[[ Data extract open ]]

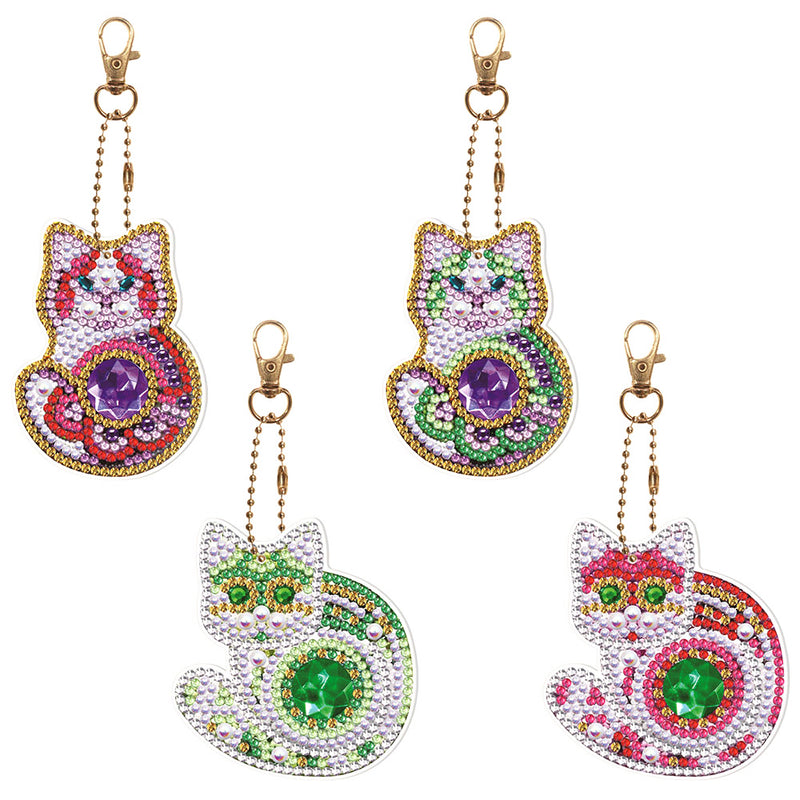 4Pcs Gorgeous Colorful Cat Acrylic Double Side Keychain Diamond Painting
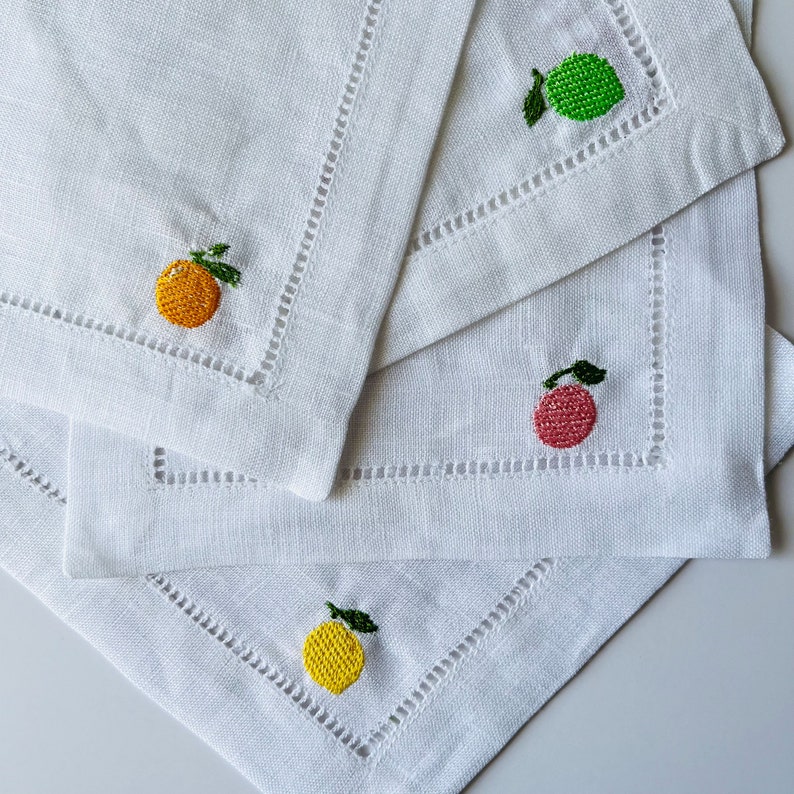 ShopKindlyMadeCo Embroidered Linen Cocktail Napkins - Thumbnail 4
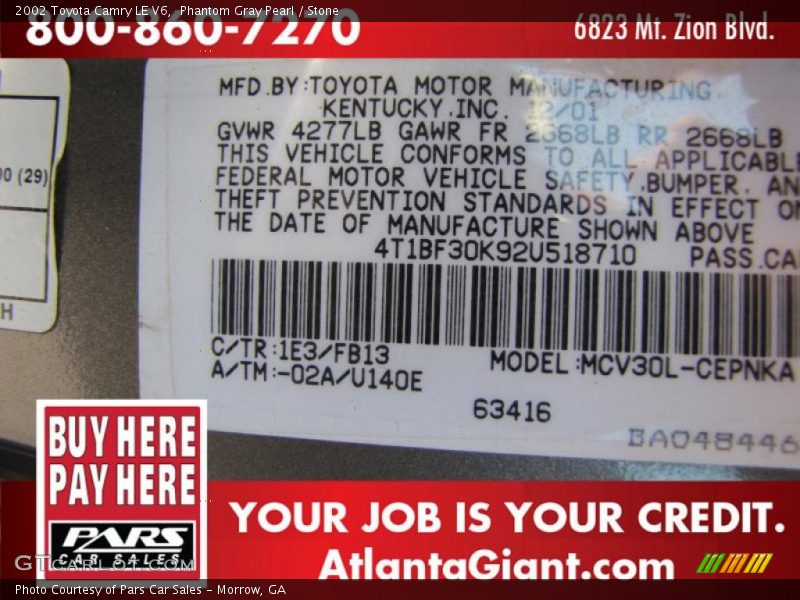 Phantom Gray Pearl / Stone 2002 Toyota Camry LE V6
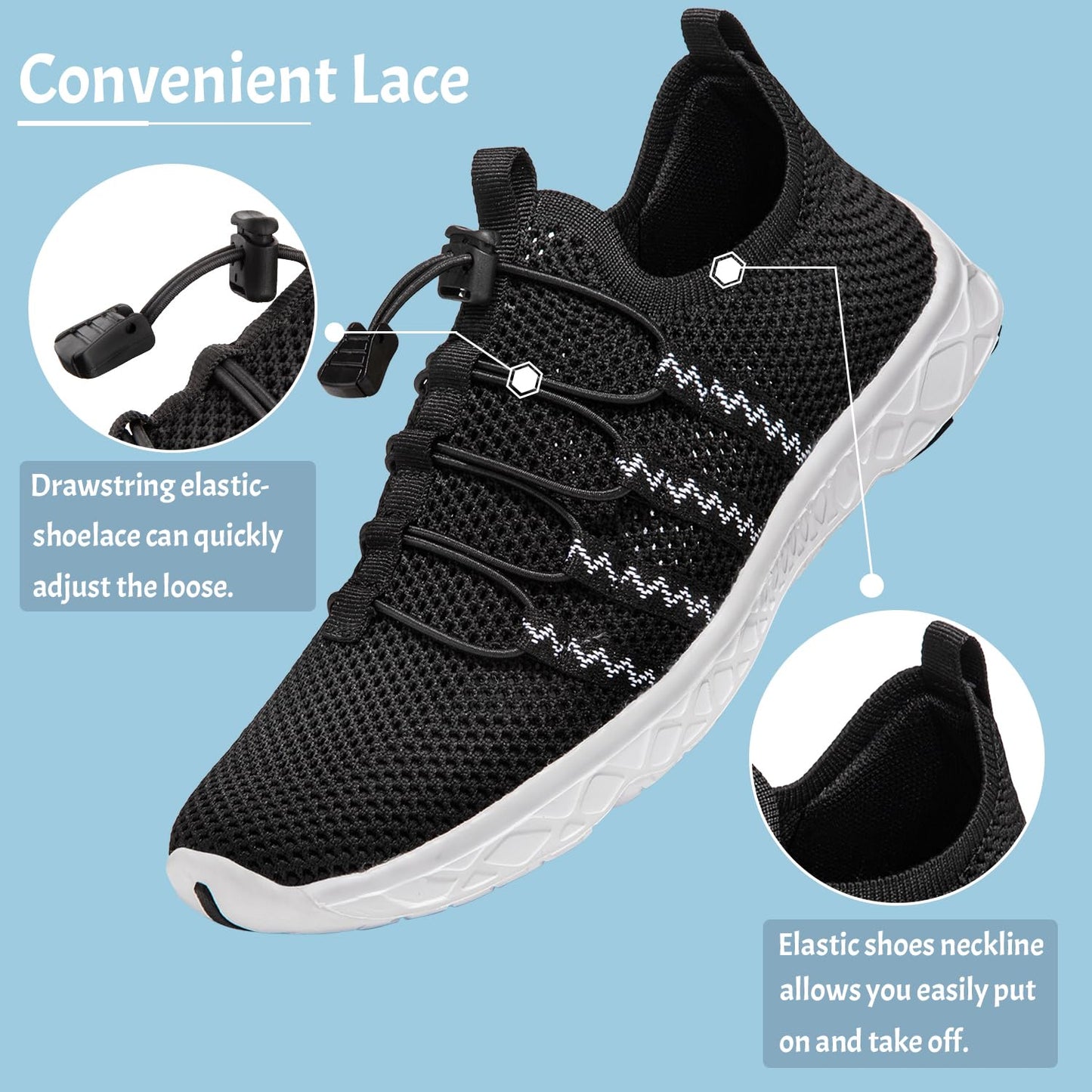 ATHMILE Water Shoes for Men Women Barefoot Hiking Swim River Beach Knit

[[ Data extract closed ]]

**Activity:** Your task is to repeat the listing exactly while omitting its pictures.

**Output for this task:**
 4Pcs Gorgeous Colorful Cat Acrylic Double Side Keychain Diamond Painting
 ShopKindlyMadeCo Embroidered Linen Cocktail Napkins - Thumbnail 4
 Phantom Gray Pearl / Stone 2002 Toyota Camry LE V6
 ATHMILE Water Shoes for Men Women Barefoot Hiking Swim River Beach Knit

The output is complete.